Não há dúvida que existem anticorpos e ódiozinhos relativamente ao Executivo regional, personalizados na pessoa do presidente do Governo. A maioria absoluta de lá permite e gera determinados discursos e atitudes mais duras dirigidas a outra maioria absoluta veterana, com 30 anos, que foi deixando a sua história de excessos à mistura com a combatitividade e aspirações legítimas da Autonomia madeirense. Estes poderes absolutos são passíveis de gerar mais algumas faíscas... e excessos. O poder absoluto atenua os mecanismos de auto-controlo.
Sabemos o que significam 30 anos de maiorias absolutas. Na Madeira, esmagam-se as minorias, o pensamento alternativo, as ideias diferentes e dissonantes. Quem não alinha com o directório e se desvia um milímetro que seja tem um preço elevado a pagar. E foram-se gerando raivas e rancores difíceis de ultrapassar. Houve muita gente perseguida, humilhada e espezinhada nestas três décadas. Há sentimentos difíceis de serenar. No entanto, este estado de coisas não legitimará tudo. Pelo meio, a Autonomia regional pode sofrer um revés com a nova LFRA. A população madeirense pode ser prejudicada na ânsia de se maneatar (e abater) o poder absoluto regional e os seus tiques de prepotência e arrogância.

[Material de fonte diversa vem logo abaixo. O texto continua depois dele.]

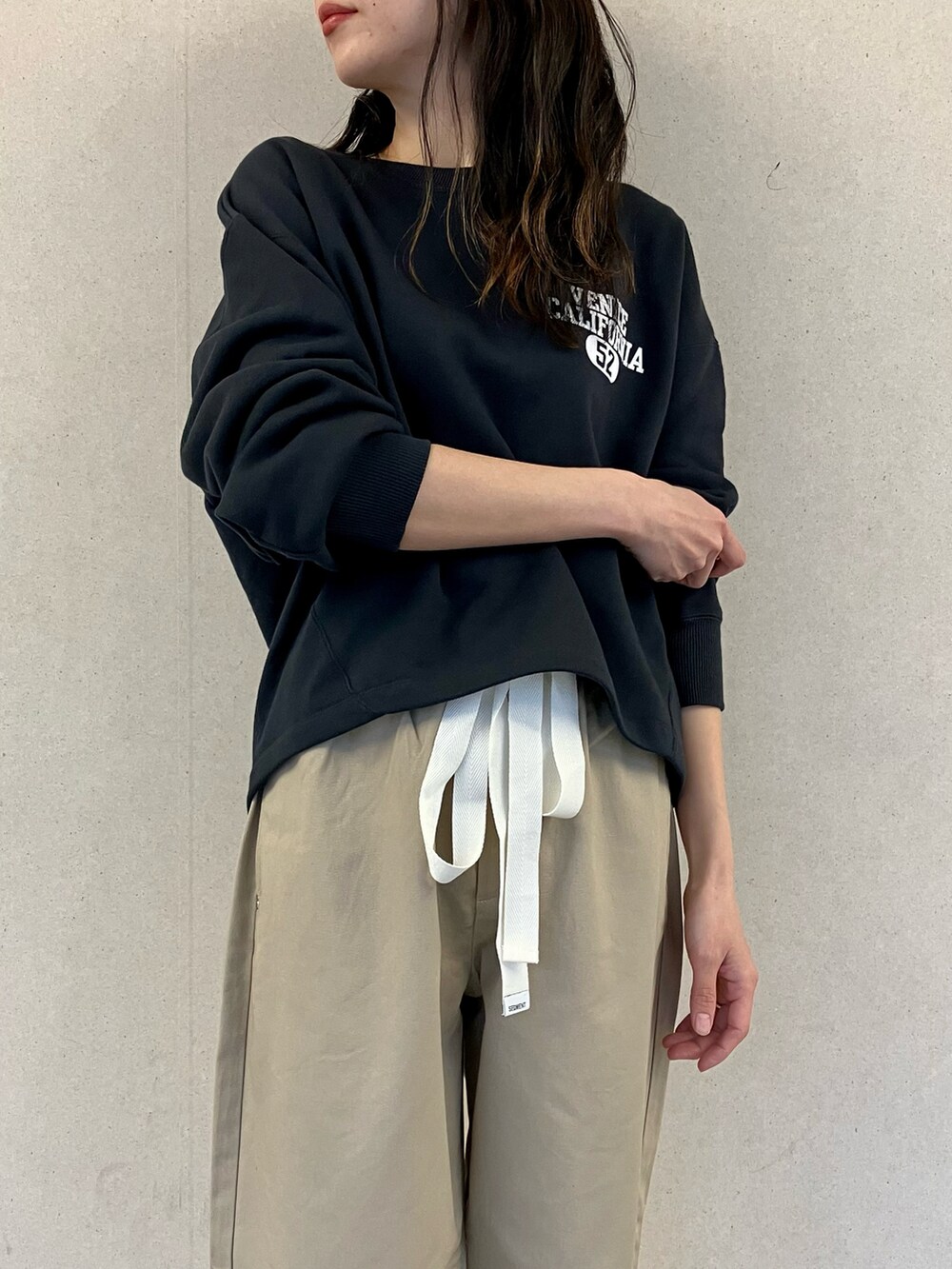 ブルー系のスウェット、ベージュ系のチノパンツ、ホワイト系のバレエシューズを着用したレディースの春コーディネートの5枚目の写真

Parece que a situação financeira do país não justificará, na totalidade, certos avanços e soluções da Lei de Finanças das Regiões Autónomas. Estará o rigor das finanças públicas a ser confundido, de forma oportunista, com cortes deliberados à RAM? Cortes que podem fazer retroceder algumas conquistas autonómicas?

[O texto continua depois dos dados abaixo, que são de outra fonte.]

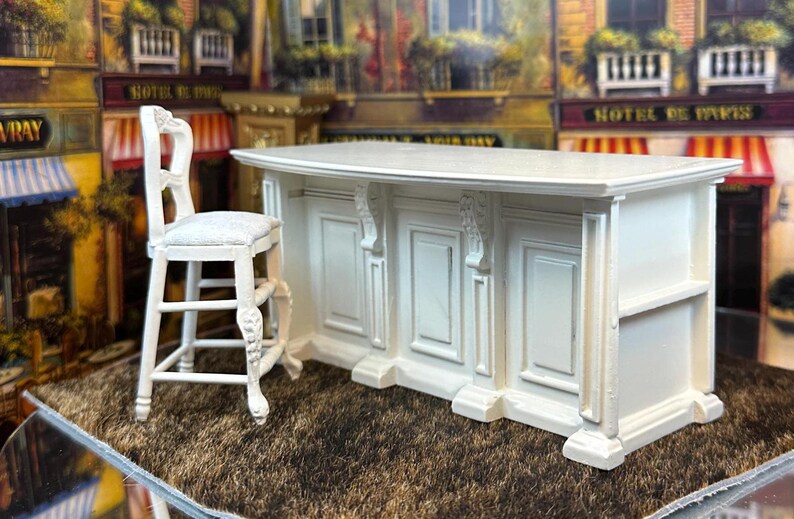 May include: White miniature kitchen island with a curved countertop and three cabinet doors. The island is accompanied by a white miniature bar stool with a carved design.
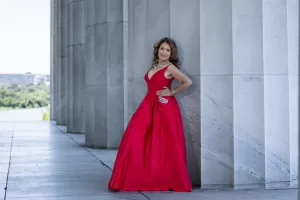 Professional Photographer A woman in a sleeveless red gown stands smiling and leaning against a marble column outdoors. Perfect for wedding photography, she wears jewelry, holds a small clutch, and is framed by the elegant stone architecture of a formal location. www.maranonimagery.com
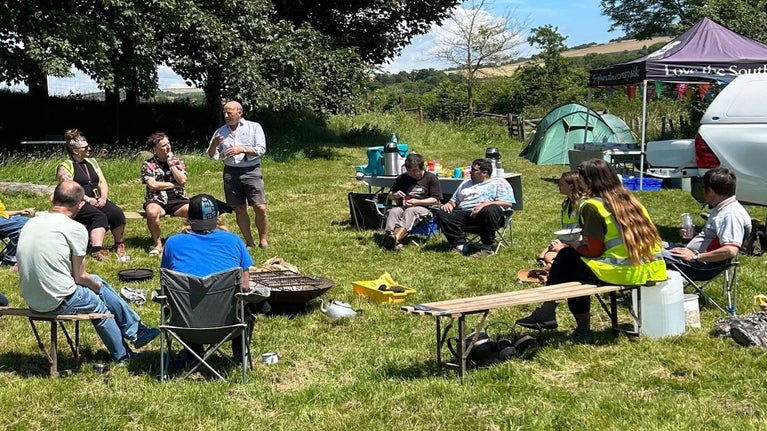 A photo of a group of people sat around a campfire listening to a talk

Sabemos que algumas posturas e políticas do Governo Regional acabaram por dar alguns argumentos ao apertar da relação financeira com a Região. O empolamento do PIB é um exemplo. Já fez a Madeira perder 500 milhões no próximo quadro comunitário. Decidimos ser o aluno bem comportado, que soube aplicar bem as lições e obter bons resultados, mas escondeu as dificuldades que ainda se mantêm, dispensando certas ajudas europeias que não poderiam ser dispensadas ainda. Há atrasos que não foram recuperados. Há bolsas de pobreza, a economia continua basicamente (e cada vez mais, pelos vistos) dependente do turismo, o nível de qualificação é mais baixo do que a média nacional e os resultados escolares entre os mais deprimidos do território nacional. Há um desenvolvimento humano e cultural insuficiente.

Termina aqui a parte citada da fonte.